After Dalton dispatches the first wave of thugs, Brandt’s imprisoned father, irritated that his son can’t get the job done, hires a guy simply named Knox (Conor McGregor, who lost a civil rape case in November), who has several tattoos on him that read “Knox” in case he forgets who he is. He’s indestructible, extremely violent, and permanently smiling. He’s also got quips. Dalton can’t handle him the way he handled all of the Brandts’ other goons, so we’re heading for a final showdown between the two of them for the fate of the Road House.

Gyllenhaal is a blast in this movie; he looks like he’s having fun, and he’s got that brooding charm that’s a cliché across action films, but everything about the performance is restrained (other than the beatings, which involve a lot of mediocre CGI). There’s a natural cadence to his delivery that sounds even more authentic when he’s surrounded by people who either can’t act or were told to act like they couldn’t act; nearly everyone else in this film is just bad, even when delivering minor lines. There’s just enough depth to Dalton’s character to make him compelling, and to make you understand why he always seems to stop short of the critical hit in every fight.

I also regret to report that Conor McGregor is really quite good as Knox. The character is a psycho, and McGregor seems to have no problem whatsoever slipping into that archetype. I wonder why. His ridiculous swagger plays well in fight scenes and regular ones, and he’s pretty good at delivering the quips we expect from this sort of character. Even his gait is funny. The film’s a year old, so I don’t think this is a big spoiler any more, but Knox survives the film and I imagine he’s going to be in the reported sequel, but I hope they get someone other than McGregor to play him – or just make up a thinly-veiled version of him to be the new antagonist.

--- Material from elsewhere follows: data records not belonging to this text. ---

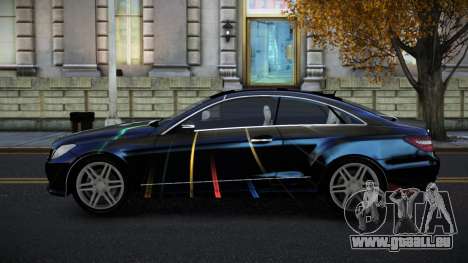 Mercedes-Benz E500 Ashah S12 für GTA 4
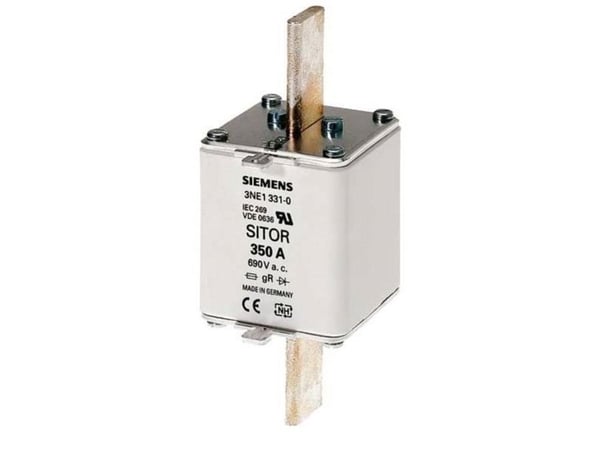 Siemens 3NE13342 Sulakekotelo Sulakekoko = 2 500 A 690 V 3 kpl 3 kpl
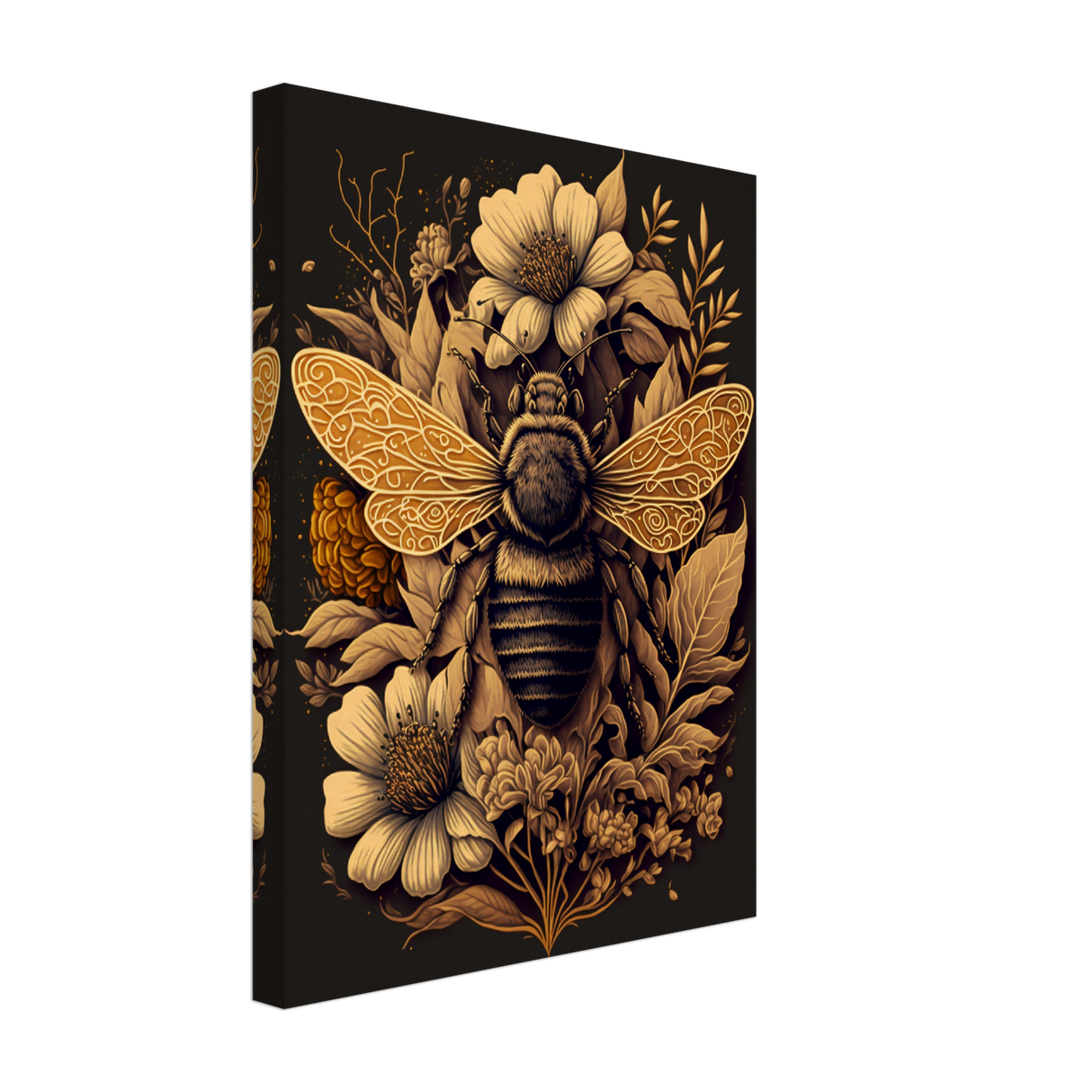 Bee's Paradise - WallLumi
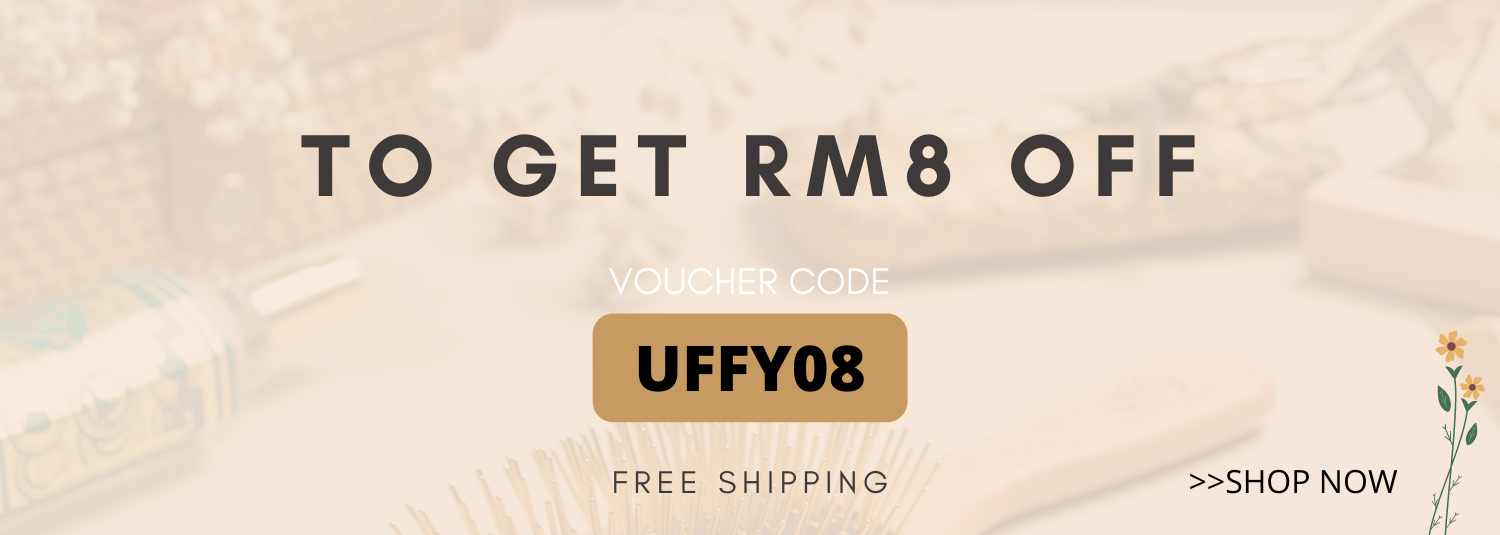 Uffy Comb Malaysia | The Best Brand Hair Brush |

Everything else about the movie is kind of bad. The dialogue from any character other than Dalton is stilted and overexpository; nobody talks like these people and I’m not referring to their accents. There’s so much explaining how this particular hamlet is a small place and everyone knows everyone and things are different here that I assume the screenwriters (or whoever cleaned up the script) think the audience is even dumber than the usual one. Did you catch that the previous three bouncers Frankie used at the bar had names starting with A, B, and C, before capital-D Dalton? Or did you guess who the sheriff actually was before it was revealed? I was mildly grateful that they kept the obvious romantic pairing at a very superficial level – they chose to make Dalton fairly uninterested in the character, who I haven’t even mentioned because she is so boring, which would have just been a distraction from the main throughline anyway.

So yeah, Road House is a bad movie. But I was entertained the whole time. I didn’t even mention that there’s some great live music from bands playing at the Road House, often up there while there’s mayhem a few feet away, or that one of the thugs ends up part of a great running gag with Dalton. It’s the best bad movie I’ve seen in a while. (Oh, and I’ve never seen the original, if anyone’s curious.)

The Apprentice.

The Apprentice is a decidedly mediocre movie about a decidedly mediocre man. That man, who at the moment I write this is the President of the United States and is driving a serious constitutional crisis, is not boring, whatever you think of his behavior and professed beliefs. It makes it so hard to believe just how boring The Apprentice is, even when it’s trying its hardest to find something interesting in the story, often by humanizing its main character. (You can rent it on iTunes, Amazon, etc.)

The story begins with a young Donald Trump (Sebastian Stan) trying to buy a decrepit building near Times Square with the intention of turning it into a luxury hotel, against skepticism from all corners – including his father, Fred, a real estate developer himself and a dead stereotype of the father who never likes anything his kids do. Trump happens to be in a private club where Roy Cohn (Jeremy Strong) is holding court, and Cohn, hearing Trump has just been accepted for membership, calls him over to meet him, clearly seeing business opportunities for the future. Trump turns to Cohn to try to get a gigantic tax break from New York City, which was in dire financial straits at the time, and Cohn extorts a city official to make it happen, setting off a decade-long business partnership where Cohn teaches Trump the secrets of his success, much of which you can see in Trump’s last decade in the political sphere, including repeating lies long enough for people to think they’re true and to never admit defeat regardless of the evidence. Along the way, Trump meets Ivana (Maria Bakalova), seduces her with his money and apparent largesse, has a couple of kids we barely see, watches his brother Fred Jr. drink himself to death, and pays very little to no taxes anywhere.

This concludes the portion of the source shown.